Tuesday, April 30, 2013

April 30*

JOURNAL TOPIC:
Imagine if your education was postmodern and didn't follow someone else's curriculum or chronological order.  What would you learn about next and how would you go about it?

AGENDA:
1. Journal
2. Socratic seminar: our postmodern education

HW:
1. Make sure your blog is up to date on the first 5 chapters of Slaughterhouse 5
2. Read Chapter 6 tonight and publish your active reading notes under the title of "SCHLACHTOF (what's German for 6?)"
3. Come to class tomorrow with 3 burning questions you want answered about the book

Monday, April 29, 2013

April 29*

JOURNAL TOPIC:
One of the most extremely postmodern authors of his/our time was Hunter S. Thompson, who (after copying Gatsby word for word) once wrote, "There he goes. One of God's own prototypes. Some kind of high powered mutant never even considered for mass production. Too weird to live, and to rare to die."

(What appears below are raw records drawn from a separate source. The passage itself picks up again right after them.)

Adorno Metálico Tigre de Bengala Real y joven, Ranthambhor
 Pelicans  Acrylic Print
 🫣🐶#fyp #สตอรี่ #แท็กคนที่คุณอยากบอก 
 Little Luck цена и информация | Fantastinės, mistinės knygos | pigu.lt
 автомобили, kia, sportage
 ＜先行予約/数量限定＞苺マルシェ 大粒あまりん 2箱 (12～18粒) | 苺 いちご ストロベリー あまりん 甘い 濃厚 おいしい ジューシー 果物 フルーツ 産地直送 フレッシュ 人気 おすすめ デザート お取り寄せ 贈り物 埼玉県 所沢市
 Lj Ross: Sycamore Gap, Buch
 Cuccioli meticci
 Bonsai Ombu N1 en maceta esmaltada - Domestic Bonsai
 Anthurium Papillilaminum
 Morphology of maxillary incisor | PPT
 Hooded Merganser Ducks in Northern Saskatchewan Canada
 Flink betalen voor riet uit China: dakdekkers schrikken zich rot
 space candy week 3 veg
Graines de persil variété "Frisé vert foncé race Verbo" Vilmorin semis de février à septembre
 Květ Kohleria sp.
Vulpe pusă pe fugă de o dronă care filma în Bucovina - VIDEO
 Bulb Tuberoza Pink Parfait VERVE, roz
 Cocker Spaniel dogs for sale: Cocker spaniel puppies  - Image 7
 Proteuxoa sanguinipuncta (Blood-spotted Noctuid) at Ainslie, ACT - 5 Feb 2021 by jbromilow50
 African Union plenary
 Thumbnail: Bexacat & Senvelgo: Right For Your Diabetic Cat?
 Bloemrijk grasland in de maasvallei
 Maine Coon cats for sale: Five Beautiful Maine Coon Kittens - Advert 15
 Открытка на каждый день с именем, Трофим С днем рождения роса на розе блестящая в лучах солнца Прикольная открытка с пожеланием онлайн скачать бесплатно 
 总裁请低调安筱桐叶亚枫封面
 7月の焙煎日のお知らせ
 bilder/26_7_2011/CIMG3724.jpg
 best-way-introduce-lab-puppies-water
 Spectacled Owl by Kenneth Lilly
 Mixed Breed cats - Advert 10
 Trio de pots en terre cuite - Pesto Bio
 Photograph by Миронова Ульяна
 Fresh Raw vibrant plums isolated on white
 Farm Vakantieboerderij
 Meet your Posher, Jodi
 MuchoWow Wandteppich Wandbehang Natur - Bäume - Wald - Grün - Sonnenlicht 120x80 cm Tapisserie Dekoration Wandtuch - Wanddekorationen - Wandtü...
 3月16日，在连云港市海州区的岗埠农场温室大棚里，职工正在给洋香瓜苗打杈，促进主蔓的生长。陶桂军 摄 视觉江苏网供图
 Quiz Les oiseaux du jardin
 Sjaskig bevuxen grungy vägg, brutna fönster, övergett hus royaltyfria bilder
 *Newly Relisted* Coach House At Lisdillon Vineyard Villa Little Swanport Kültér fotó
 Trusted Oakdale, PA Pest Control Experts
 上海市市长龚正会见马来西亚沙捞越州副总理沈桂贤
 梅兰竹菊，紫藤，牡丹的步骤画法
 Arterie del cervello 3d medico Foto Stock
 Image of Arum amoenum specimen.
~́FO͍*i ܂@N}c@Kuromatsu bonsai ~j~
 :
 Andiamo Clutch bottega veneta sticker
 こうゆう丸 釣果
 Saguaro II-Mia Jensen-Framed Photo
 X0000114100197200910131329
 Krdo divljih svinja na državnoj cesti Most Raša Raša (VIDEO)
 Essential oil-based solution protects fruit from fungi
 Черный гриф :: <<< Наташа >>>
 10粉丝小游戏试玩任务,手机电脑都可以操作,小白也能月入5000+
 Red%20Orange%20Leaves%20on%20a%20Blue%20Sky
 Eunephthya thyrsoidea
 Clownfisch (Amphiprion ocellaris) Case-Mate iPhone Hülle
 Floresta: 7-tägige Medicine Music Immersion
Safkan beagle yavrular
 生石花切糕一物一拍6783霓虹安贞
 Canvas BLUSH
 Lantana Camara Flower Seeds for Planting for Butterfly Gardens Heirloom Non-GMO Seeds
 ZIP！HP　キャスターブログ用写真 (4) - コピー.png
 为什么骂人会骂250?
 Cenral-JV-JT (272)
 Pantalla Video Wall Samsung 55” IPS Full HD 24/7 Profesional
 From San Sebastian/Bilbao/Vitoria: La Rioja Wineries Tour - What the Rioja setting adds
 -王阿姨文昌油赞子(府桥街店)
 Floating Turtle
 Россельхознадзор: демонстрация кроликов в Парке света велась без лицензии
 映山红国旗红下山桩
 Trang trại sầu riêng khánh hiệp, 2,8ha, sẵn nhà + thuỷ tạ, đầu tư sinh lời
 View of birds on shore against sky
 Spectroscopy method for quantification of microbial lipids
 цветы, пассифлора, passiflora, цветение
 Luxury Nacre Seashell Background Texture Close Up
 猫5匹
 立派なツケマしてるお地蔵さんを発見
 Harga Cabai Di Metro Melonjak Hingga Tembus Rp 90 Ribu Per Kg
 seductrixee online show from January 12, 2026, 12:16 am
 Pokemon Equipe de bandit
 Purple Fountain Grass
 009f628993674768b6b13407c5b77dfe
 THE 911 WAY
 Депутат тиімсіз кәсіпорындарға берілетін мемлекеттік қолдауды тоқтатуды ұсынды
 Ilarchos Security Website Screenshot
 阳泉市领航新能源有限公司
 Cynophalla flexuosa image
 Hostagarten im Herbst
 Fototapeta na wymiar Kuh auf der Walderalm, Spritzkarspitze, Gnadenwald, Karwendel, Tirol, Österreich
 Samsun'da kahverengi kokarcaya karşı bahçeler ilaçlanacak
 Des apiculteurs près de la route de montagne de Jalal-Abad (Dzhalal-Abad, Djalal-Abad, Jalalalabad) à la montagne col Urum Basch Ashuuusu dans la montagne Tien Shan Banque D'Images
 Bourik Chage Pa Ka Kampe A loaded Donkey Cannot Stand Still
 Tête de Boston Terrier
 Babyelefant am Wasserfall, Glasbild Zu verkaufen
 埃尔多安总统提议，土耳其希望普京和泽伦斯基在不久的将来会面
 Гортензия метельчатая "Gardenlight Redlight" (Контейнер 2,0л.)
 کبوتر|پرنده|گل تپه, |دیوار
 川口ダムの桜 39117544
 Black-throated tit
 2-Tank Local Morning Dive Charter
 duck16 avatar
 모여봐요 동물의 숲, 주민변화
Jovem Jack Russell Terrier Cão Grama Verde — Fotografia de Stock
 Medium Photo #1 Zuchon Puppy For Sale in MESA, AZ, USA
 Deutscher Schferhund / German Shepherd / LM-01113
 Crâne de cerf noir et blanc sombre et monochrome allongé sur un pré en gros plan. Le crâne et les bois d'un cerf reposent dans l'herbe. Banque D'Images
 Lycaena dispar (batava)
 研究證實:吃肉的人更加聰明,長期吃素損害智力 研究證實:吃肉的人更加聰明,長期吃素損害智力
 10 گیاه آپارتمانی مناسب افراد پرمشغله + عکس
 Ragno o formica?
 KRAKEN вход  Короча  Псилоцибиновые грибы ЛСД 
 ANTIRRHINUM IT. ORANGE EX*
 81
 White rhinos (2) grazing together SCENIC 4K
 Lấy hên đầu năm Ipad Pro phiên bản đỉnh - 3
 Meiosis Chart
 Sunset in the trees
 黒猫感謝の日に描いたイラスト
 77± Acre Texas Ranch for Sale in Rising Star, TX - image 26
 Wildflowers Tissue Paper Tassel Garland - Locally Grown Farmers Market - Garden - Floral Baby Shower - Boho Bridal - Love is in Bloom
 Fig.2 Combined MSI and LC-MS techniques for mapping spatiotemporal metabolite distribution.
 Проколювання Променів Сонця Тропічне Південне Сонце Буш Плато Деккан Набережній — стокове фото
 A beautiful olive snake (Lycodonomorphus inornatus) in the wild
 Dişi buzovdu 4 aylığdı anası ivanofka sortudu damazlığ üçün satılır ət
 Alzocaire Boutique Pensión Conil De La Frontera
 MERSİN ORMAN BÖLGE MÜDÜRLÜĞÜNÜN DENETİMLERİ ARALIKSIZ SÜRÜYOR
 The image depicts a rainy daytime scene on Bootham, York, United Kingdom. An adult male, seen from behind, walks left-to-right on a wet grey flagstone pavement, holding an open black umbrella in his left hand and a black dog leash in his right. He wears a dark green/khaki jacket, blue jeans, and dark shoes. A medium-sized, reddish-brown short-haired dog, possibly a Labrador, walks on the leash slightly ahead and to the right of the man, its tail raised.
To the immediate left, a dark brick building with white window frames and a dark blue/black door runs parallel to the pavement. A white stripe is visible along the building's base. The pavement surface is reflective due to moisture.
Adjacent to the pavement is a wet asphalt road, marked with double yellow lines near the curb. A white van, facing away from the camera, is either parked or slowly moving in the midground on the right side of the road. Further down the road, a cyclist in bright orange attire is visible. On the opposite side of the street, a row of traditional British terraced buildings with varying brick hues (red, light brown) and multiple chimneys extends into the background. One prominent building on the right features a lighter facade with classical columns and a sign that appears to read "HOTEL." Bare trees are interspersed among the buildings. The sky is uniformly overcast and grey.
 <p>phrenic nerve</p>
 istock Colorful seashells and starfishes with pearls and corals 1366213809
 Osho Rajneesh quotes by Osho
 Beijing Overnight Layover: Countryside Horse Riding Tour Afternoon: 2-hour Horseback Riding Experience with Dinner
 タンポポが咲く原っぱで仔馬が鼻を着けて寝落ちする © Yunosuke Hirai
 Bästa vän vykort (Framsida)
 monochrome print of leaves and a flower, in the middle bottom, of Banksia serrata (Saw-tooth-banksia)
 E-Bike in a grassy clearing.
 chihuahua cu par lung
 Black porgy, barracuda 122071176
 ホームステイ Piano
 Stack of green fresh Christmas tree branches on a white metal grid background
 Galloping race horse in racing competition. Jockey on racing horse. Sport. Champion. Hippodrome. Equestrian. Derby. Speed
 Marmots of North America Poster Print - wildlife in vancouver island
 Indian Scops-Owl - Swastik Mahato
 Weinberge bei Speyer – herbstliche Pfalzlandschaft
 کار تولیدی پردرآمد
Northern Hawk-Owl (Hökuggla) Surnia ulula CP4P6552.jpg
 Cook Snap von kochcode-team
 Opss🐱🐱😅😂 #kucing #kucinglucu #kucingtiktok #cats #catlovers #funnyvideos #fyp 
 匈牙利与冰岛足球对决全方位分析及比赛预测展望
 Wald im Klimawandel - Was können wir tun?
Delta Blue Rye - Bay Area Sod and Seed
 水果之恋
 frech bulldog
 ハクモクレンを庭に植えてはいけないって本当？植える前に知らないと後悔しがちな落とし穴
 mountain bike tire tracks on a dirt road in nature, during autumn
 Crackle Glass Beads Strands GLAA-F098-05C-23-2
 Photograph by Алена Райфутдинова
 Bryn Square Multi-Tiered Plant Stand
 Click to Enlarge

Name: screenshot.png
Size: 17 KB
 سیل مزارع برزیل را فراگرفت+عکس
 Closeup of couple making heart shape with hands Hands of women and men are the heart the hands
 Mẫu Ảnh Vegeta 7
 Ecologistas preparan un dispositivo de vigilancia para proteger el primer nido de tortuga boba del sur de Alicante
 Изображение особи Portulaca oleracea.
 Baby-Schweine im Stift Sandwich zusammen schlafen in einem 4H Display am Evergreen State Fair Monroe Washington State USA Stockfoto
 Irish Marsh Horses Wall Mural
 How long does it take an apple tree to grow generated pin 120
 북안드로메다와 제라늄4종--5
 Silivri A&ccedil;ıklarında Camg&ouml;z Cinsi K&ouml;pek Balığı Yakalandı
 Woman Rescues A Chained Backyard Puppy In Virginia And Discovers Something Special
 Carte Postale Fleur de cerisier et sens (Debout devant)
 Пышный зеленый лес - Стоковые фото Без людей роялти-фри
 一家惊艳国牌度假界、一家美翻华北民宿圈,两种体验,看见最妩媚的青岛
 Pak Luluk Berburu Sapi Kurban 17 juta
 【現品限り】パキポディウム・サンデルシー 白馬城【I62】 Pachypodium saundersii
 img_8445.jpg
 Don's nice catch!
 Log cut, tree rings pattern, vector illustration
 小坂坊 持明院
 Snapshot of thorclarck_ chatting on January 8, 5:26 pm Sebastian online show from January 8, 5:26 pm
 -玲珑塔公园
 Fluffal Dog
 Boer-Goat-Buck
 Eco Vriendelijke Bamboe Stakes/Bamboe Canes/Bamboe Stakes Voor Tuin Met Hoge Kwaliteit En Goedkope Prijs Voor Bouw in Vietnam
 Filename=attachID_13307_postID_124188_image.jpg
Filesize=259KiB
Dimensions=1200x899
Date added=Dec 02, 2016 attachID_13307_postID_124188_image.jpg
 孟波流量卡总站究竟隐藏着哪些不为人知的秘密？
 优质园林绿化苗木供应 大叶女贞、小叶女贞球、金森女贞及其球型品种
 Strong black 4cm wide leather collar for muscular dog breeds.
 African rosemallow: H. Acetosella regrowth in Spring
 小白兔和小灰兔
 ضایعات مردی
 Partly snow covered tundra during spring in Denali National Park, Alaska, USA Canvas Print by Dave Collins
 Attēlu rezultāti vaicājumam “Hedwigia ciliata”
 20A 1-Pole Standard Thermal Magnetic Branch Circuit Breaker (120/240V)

Hunter also wrote, "When the going gets weird, the weird turn pro."

You have a choice: either apply the first quote to Billy and/or Kurt Vonnegut, or apply the second to yourself... (more on these options in class)

AGENDA:
1. Journal
2. Review/discuss S5 chapters/notes

HW:
1. Double-check your active reading notes and comment on >3 of your colleagues'.
2. Read/take notes on Chapters 4 & 5 (and publish to your blog under the title SCHLACHTOF FUNF)

Friday, April 26, 2013

April 26*

JOURNAL TOPIC:

Prove that you weren't kidnapped last night, taken to Tralfamadore, and returned this morning in what look like your clothes.

AGENDA:
1. Journal
2. [!]
3. Discuss Chapter 2
4. Embark on Chapter 3

HW:
1. Finish active reading notes on Chapter 3 & and post to your blog under the headings SCHLACHTOF DREI & SCHLACHTOF VEIR (respectively)

Thursday, April 25, 2013

If Horace Greeley was speaking at your graduation he might tell you to go north.

April 25*

JOURNAL TOPIC:

What makes sense to you about life, and what do you find confusing?  What made sense to you in Chapter 1 of Slaughterhouse Five, and what did you find confusing?


AGENDA:
1. Journal
2. Discuss Chapter 1 of Slaughterhouse Five
3. Begin reading Chapter 2 (if time)

HW:
1. Finish reading Chapter 2 of Slaughterhouse Five
2. Publish your active reading notes to your course blog under the title SCHLACHTOF ZWEI
3. Define the word absurd, think of something in life that you find truly absurd, and post both to your course blog under the title THIS IS ABSURD

Wednesday, April 24, 2013

sandwich bag art

Here is the site where I saw this, and here is the entire collection on Flickr.

April 24*

Remember the old days, when not being in class meant not having to think about class?  Those days are long gone.  Even though we won't see each other today (apart from standardized testing), we have a golden opportunity to share ideas about Vonnegut's Slaughterhouse Five.  Please click through the following, compare with your understanding of Chapter One, and don't forget to publish your active reading notes to your course blog (Title: SCHLACHTOF EINS).

As we discussed in class yesterday, postmodernism is characterized by merry rule breakers who:
  • Mess with the reader's sense of time and narrative structure
  • Mess with the "fourth wall" by directly engaging the reader/viewer
  • Mess with the boundaries of non/fiction and occasionally insert themselves as characters
  • Mess with denotation, connotation, conflation and puns
  • Mess with previous genres and social issues through humor
Following are some resources that may help you with Chapter One (pp.1-22).  Please take a moment to see what's of value and feel free to comment.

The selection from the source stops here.